The Cruelest Month: home

Monday, April 29, 2024

home

This year in particular, I can't wrap up poetry month without Mahmoud Darwish. At the beginning of the month, I think there was a part of me that hoped that by the time we got here, he might not feel quite so immediately and desperately relevant—but that's not where we are, and frankly it's not where we've been for all eighteen years that I've been posting poems (and longer). I could have done an entire month of Mahmoud Darwish at basically any point in those eighteen years, even if it feels more acute and immediate right now.

It was also a challenge to decide on a poem, but earlier in the month I committed to this one, and I stand by it—I love this one. That said, you should also (at the least) go read Think of Others and In Jerusalem.
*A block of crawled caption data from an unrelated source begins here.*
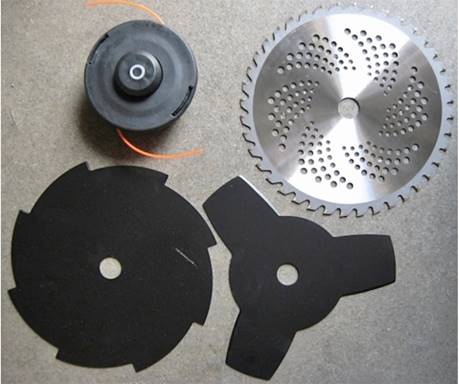  Ножове и колела за подстригване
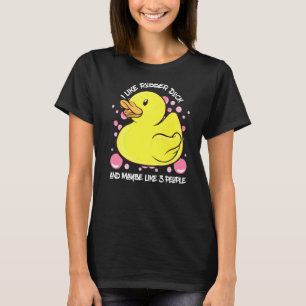 Camiseta Duque de caucho me gusta el duque de caucho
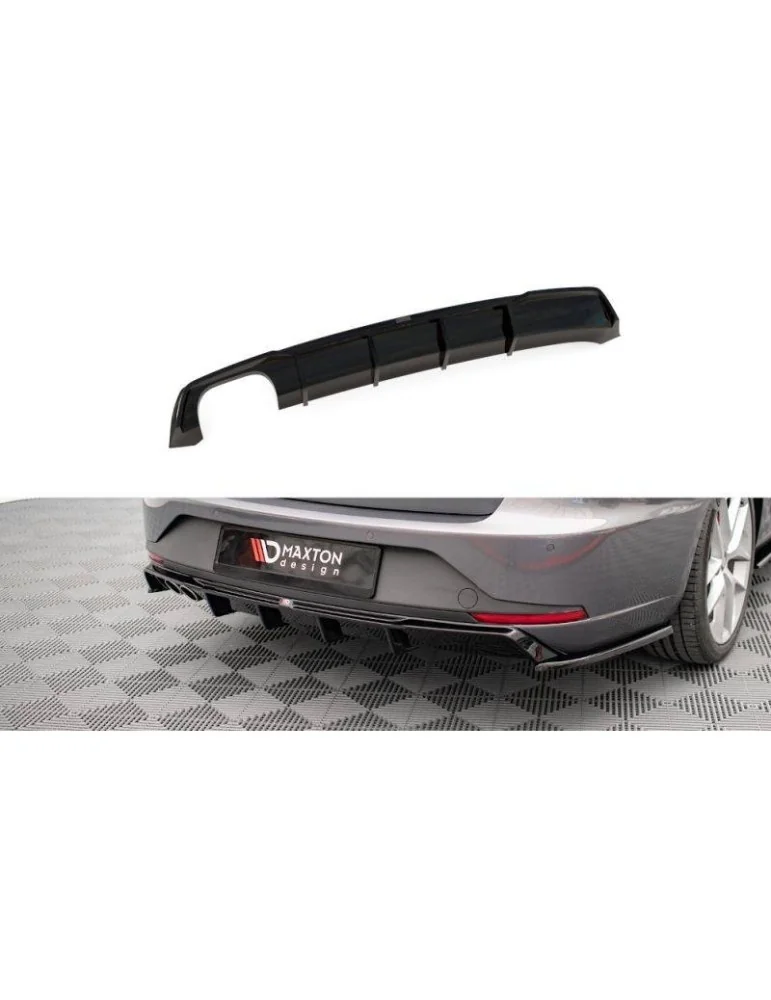 Diffuseur Arrière Complet SEAT LEON FR Sportstourer MK3 - Maxton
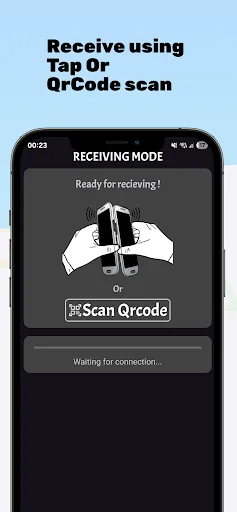 Easy Files transfer NFC/WiFi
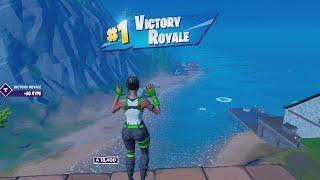 High Elimination Solo Arena Win Gameplay Champions League Arena  Fortnite Season 8 4K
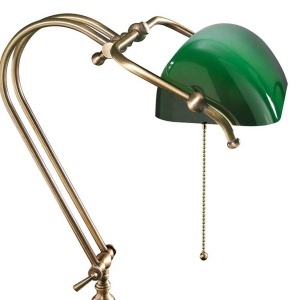 Lampa de birou din alama design clasic Banker - Img 4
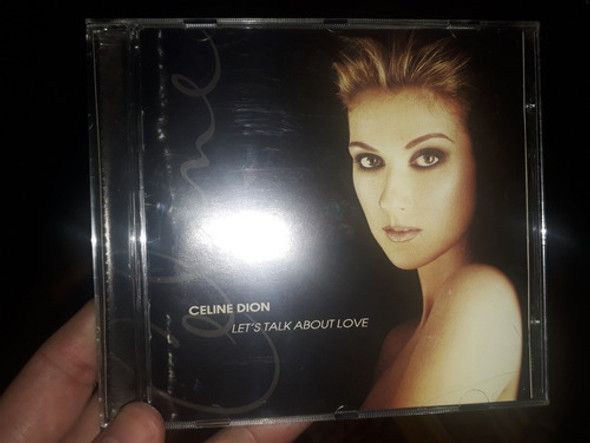 Celine Dion - Lets Talk About Love Cd Usa Jr Cat Music 0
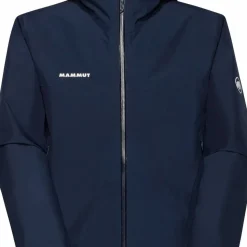 Mammut Men's Crater Light Hs Hooded Jacket Marine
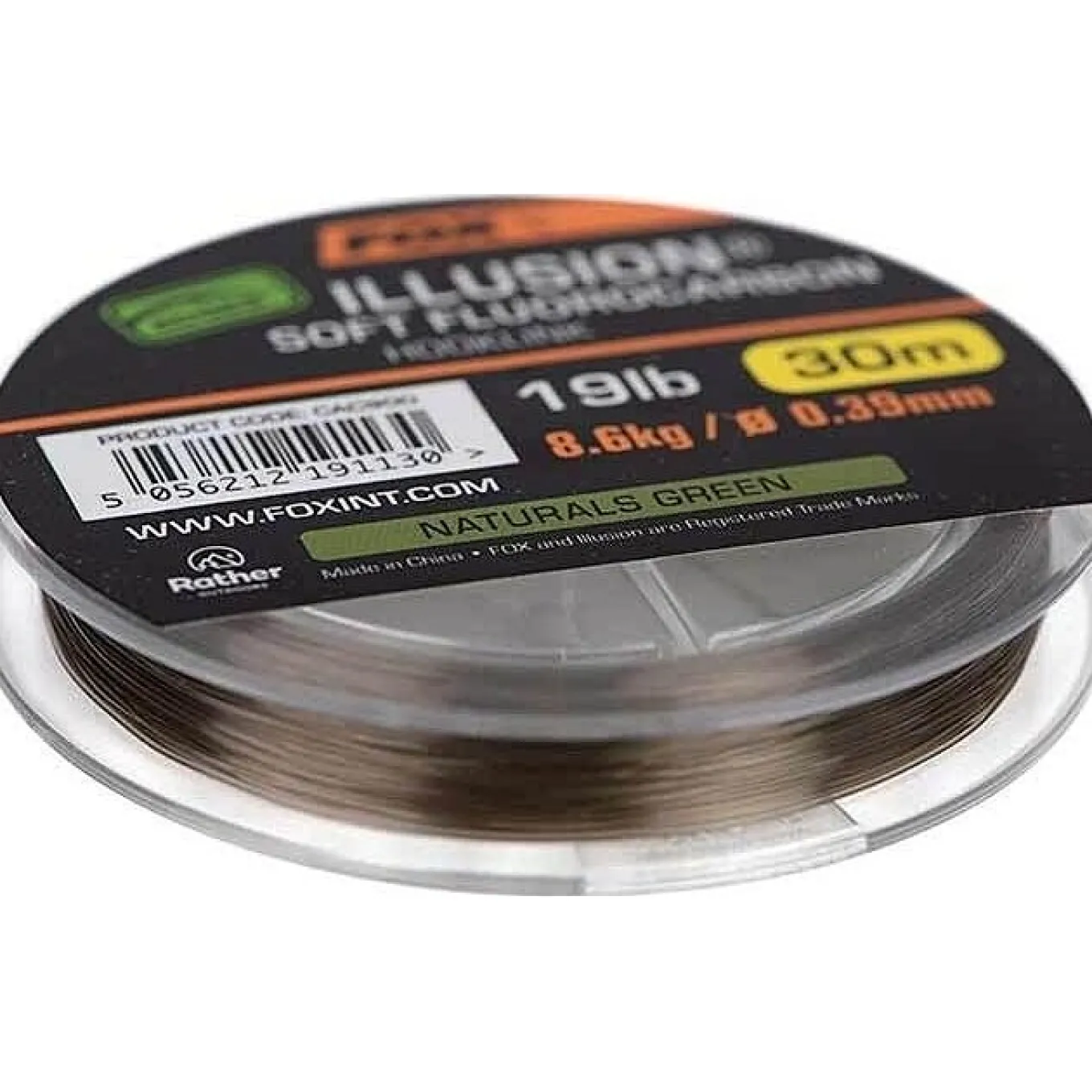 Fox Edges Illusion Soft Fluorocarbon Hooklink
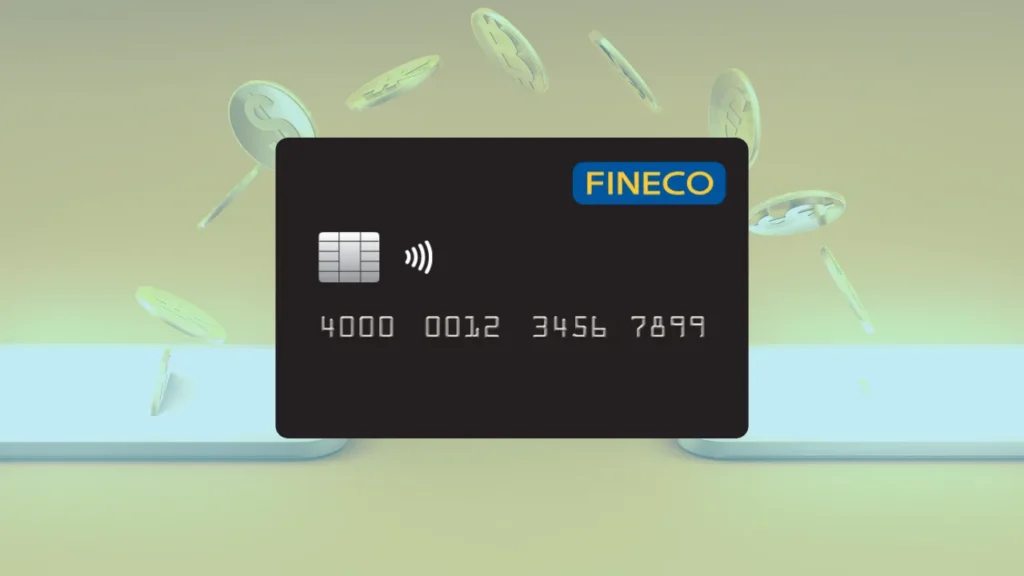 Ready for Every Moment: Fineco Card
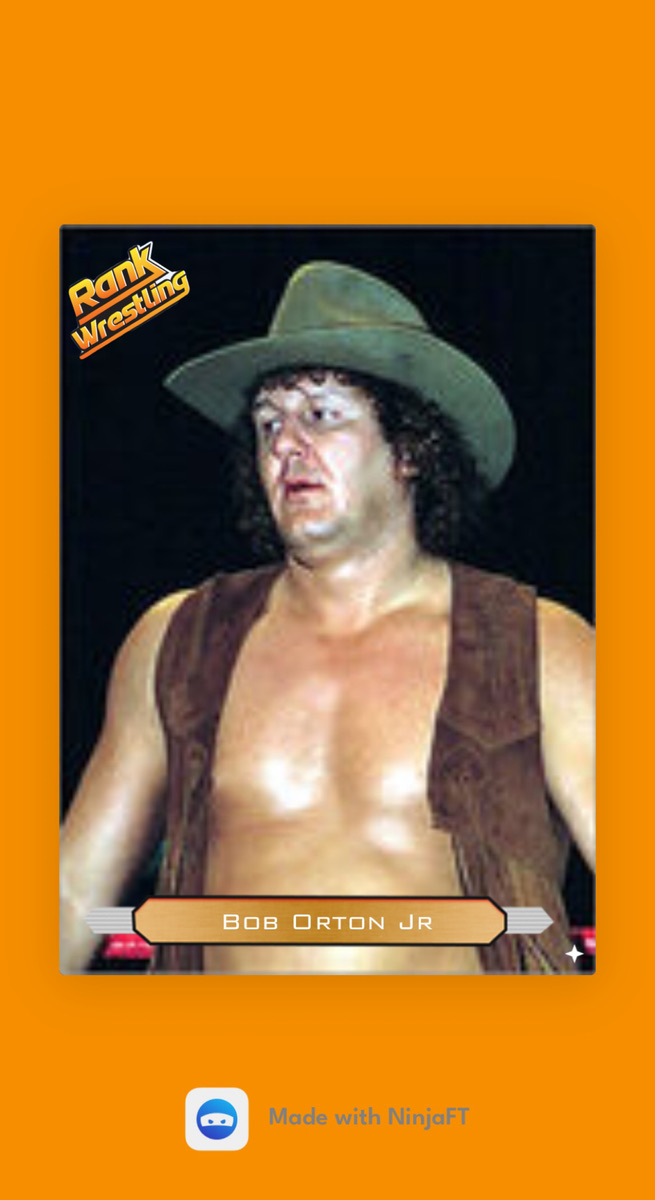 Bob Orton Jr.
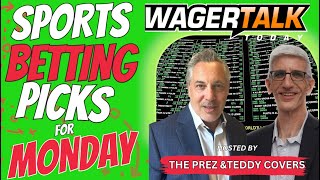 Free Sports Picks  WagerTalk Today  2024 NCAA Tournament Bets  NHL and MLB Predictions  Mar 18 [upl. by Druce]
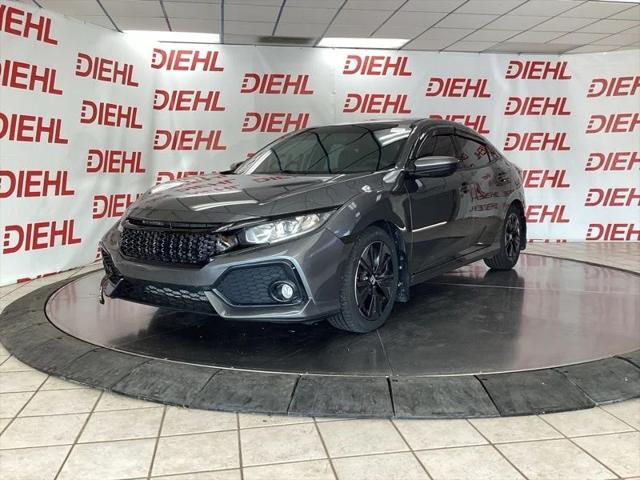 2017 Honda Civic EX 2017 Honda Civic EX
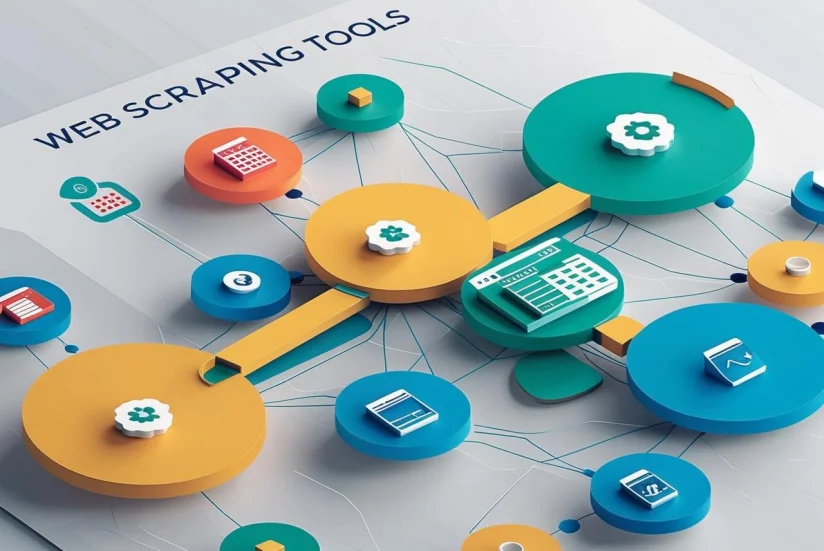 2025 İçin En İyi Web Scraping Araçları ve Kullanımları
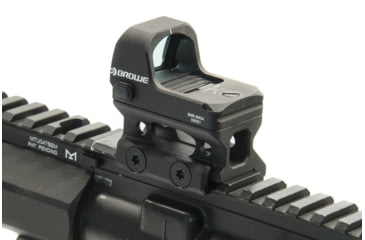 Image of BROWE Micro Reflex w/ Co-Witness Mount, Black, BMR-3MOA-CW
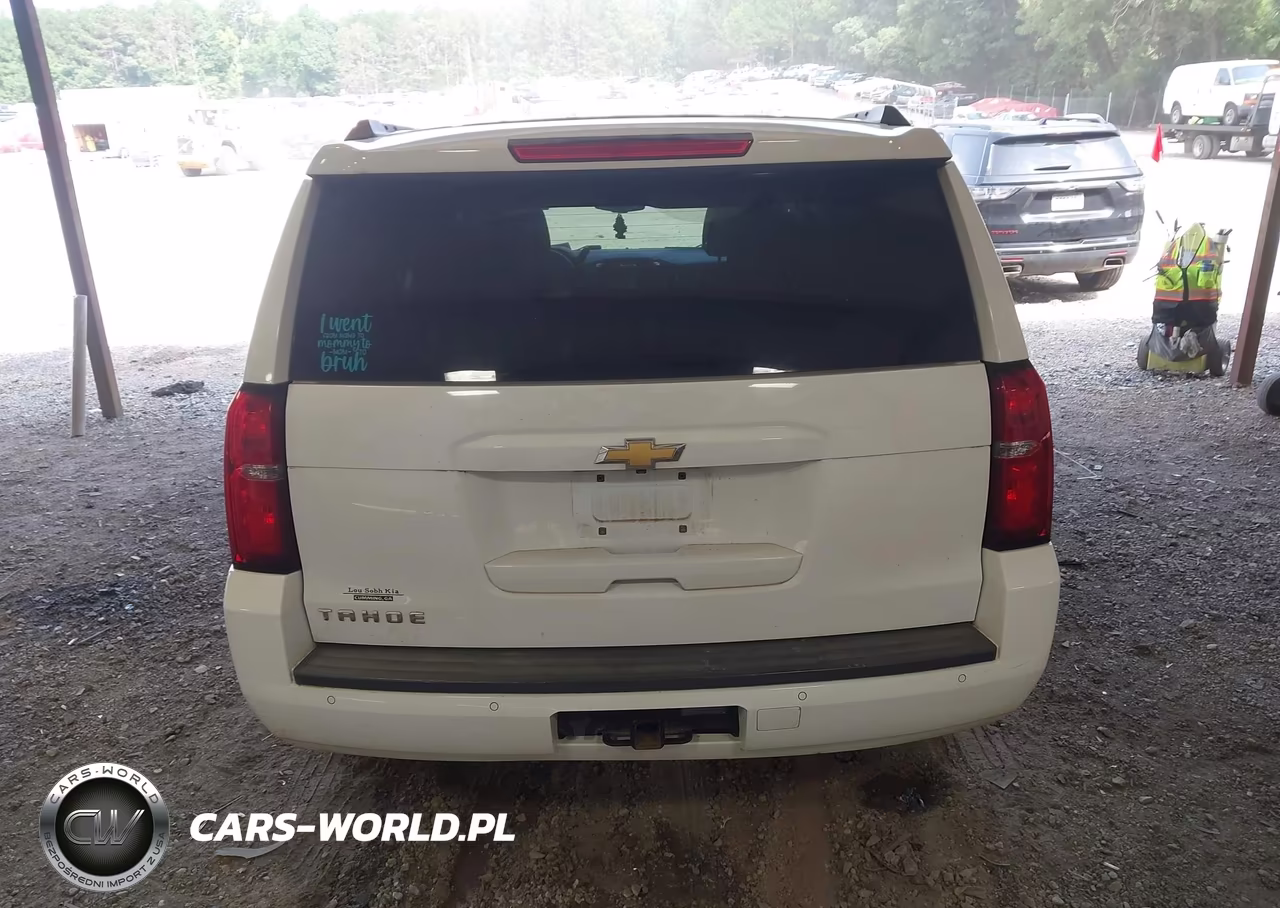2017 Chevrolet Tahoe Ls VIN:1GNSCAKC7HR401623 - 16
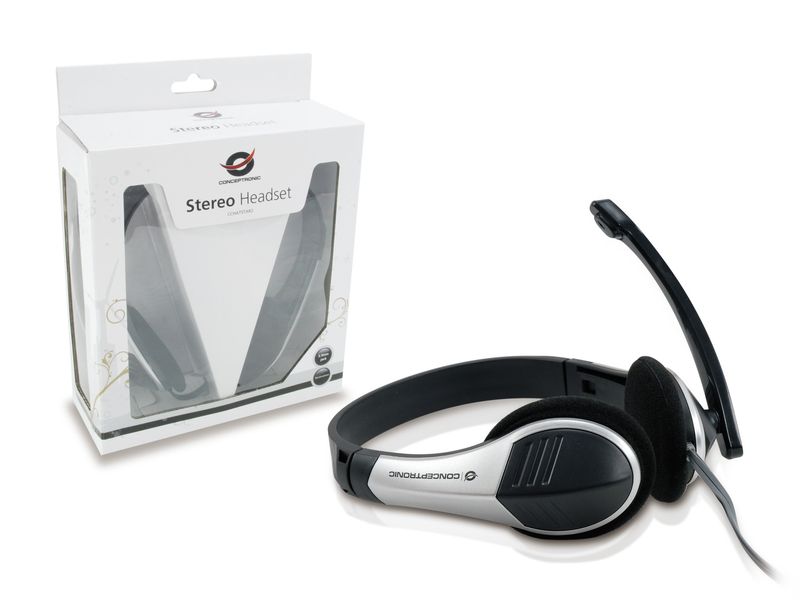 Conceptronic-Allround-Stereo-Headset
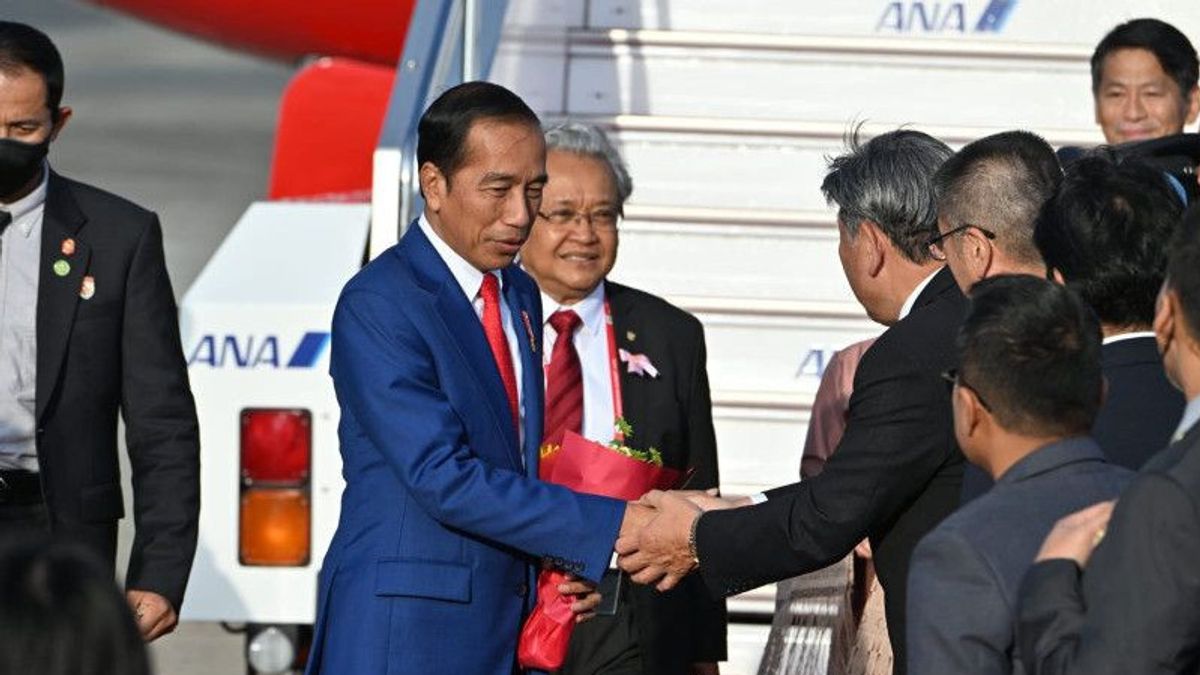 Jokowi's Presence At The G7 Summit Is Considered Strategic For ASEAN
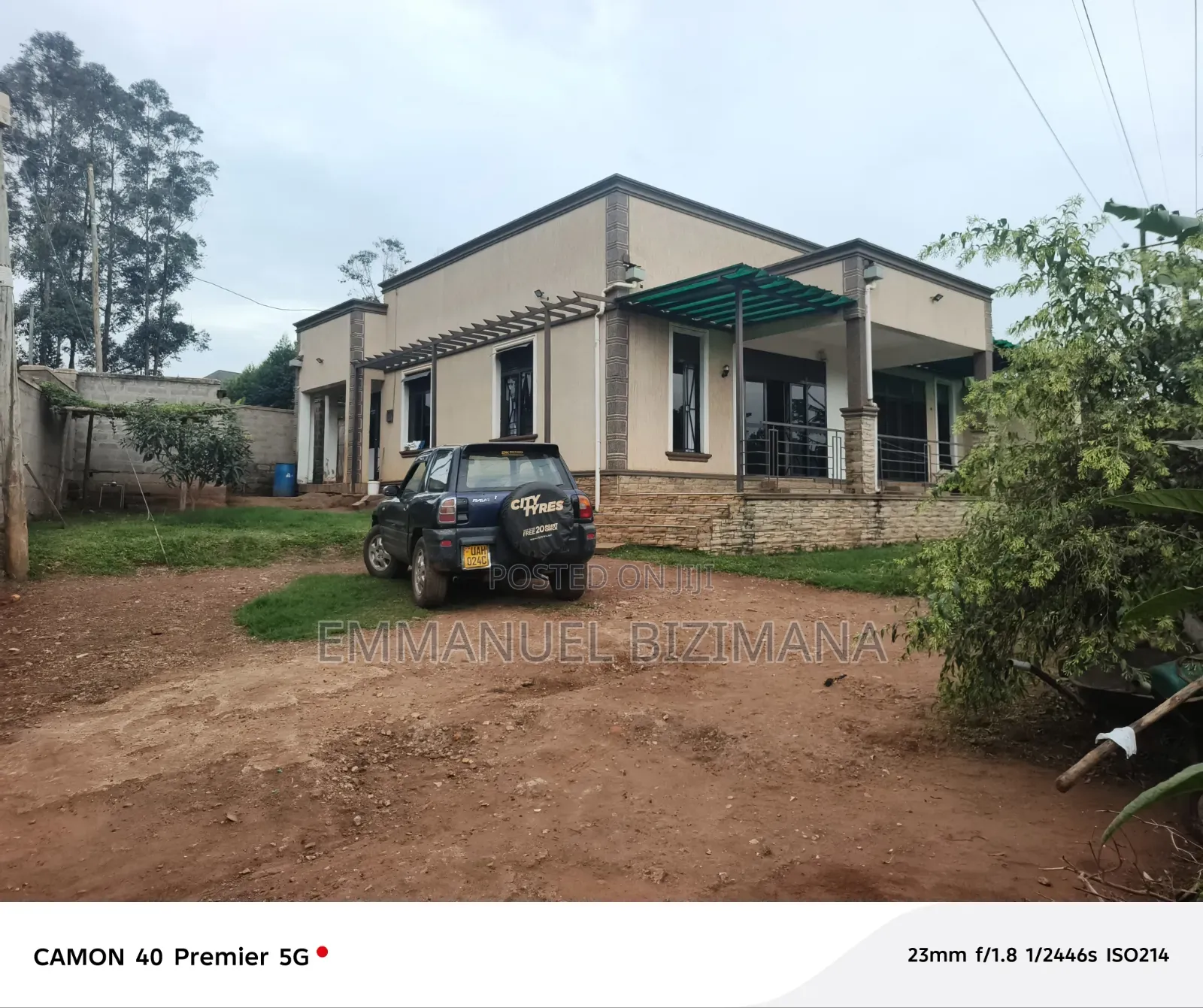 Furnished 4bdrm Bungalow in Kira, Central Division for sale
I belong there. I have many memories. I was born as everyone is born.
I have a mother, a house with many windows, brothers, friends, and a prison cell
with a chilly window! I have a wave snatched by seagulls, a panorama of my own.
I have a saturated meadow. In the deep horizon of my word, I have a moon,
a bird’s sustenance, and an immortal olive tree.
I have lived on the land long before swords turned man into prey.
I belong there. When heaven mourns for her mother, I return heaven to her mother.
And I cry so that a returning cloud might carry my tears.
To break the rules, I have learned all the words needed for a trial by blood.
I have learned and dismantled all the words in order to draw from them a
single word: Home.

Mahmoud Darwish (1941-2008), "I Belong There," from Unfortunately, It Was Paradise, translated and edited by Munir Akash and Carolyn Forché with Sinan Antoon and Amira El-Zein (2003).